Now for something completely different. In most of the projects where I am involved I tend to spend a significant time in meetings. While face to face meetings are extremely important for decision making and team building, most of them are a waste of time. Tom DeMarco gave a talk last autumn in Cologne where he pointed out exactly that issue. He was consulting the two largest printer companies in the US. One of them proved to only achieve half of the productivity of their competitor. Thus, Tom was wondering whether the engineers in both companies had different levels of productivity. It turned out that the skill and experience levels were almost the same. Guess, the actual reason for the productivity loss? The less productive company was exactly the one with the most meetings. That does not imply, as Tom illustrated, that meetings are useless. It shows, however, that less but more efficient meetings are a better strategy. Tom also mentioned that the most successful meetings are the ones where people are expected to find a solution or decision. Meeting is over when goal is achieved, not sooner! The less successful meetings are those where people are just sharing information with each other without any particular objective or sometimes even without any agenda or time schedule. What I really dislike are all those meetings for which I don't know upfront what will be the agenda topics or goals in the meeting. Note, that general items such as status reports, action item reporting or planning of the next meeting don't count in this context! Tom DeMarco expressed the opinion that many meetings are only intended to let people communicate with their superior. Thus, the meeting is not a team-like approach but more a one-to-many experience. According to Tom it is much more productive when the boss is spending five minutes with each of the team members than spending two hours with the whole team. Another point which makes me crazy about meetings is when these meetings are either unmoderated or when there is a moderator who does not care whether people abide to the time span they got for their agenda topic. First of all, it is my time that gets wasted when the meeting exceeds its original deadline. Second, in many of those meetings I am really afraid to die or at least get severly injured by information overload.

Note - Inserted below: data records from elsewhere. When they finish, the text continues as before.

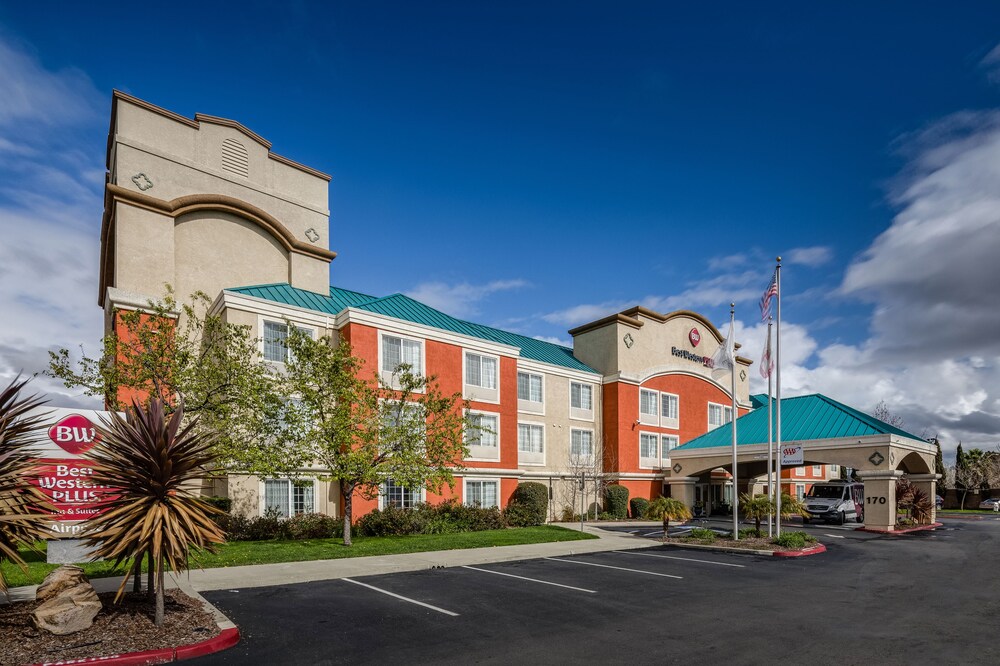 Front of property, Best Western Plus Airport Inn & Suites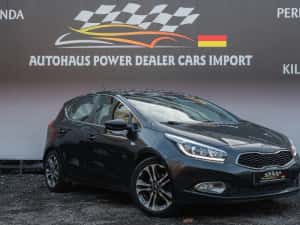 Kia Ceed-2014-navi- scaune incalzite /volan incalzit- camera- clima -led fata- jante aliaj - dotari de top la pret economic - — miniatura 8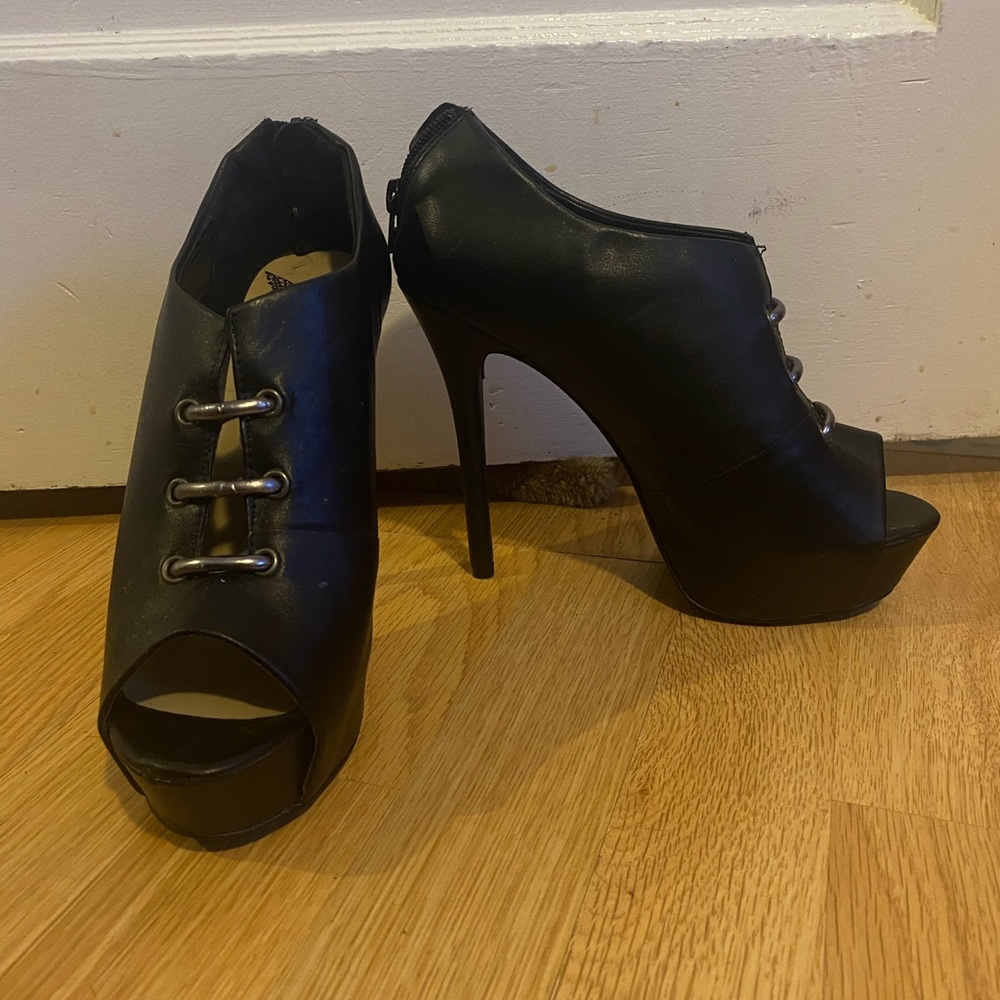 Cute heels, never worn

Why is this relevant for software engineers? We as software architects spend most of the time communicating. It is essential that most of this time is dedicated to personal communication than with meetings.
To sum up: Meetings are important, but in order to stay productive meeting culture should focus on quality and efficiency instead of quantity. Meetings by themselves have no particular value. It is the human interaction that counts.
2 comments:
It sounds like daily work experience in a big company you know very well.
Excellent points. 2 pieces of advice: 1. Set a clear agenda and don't allow deviation and 2. Only have essential people appear at meetings and provide detail Meeting Notes for everyone else. Great way to save money and people will be grateful they didn't have to go to the meeetings.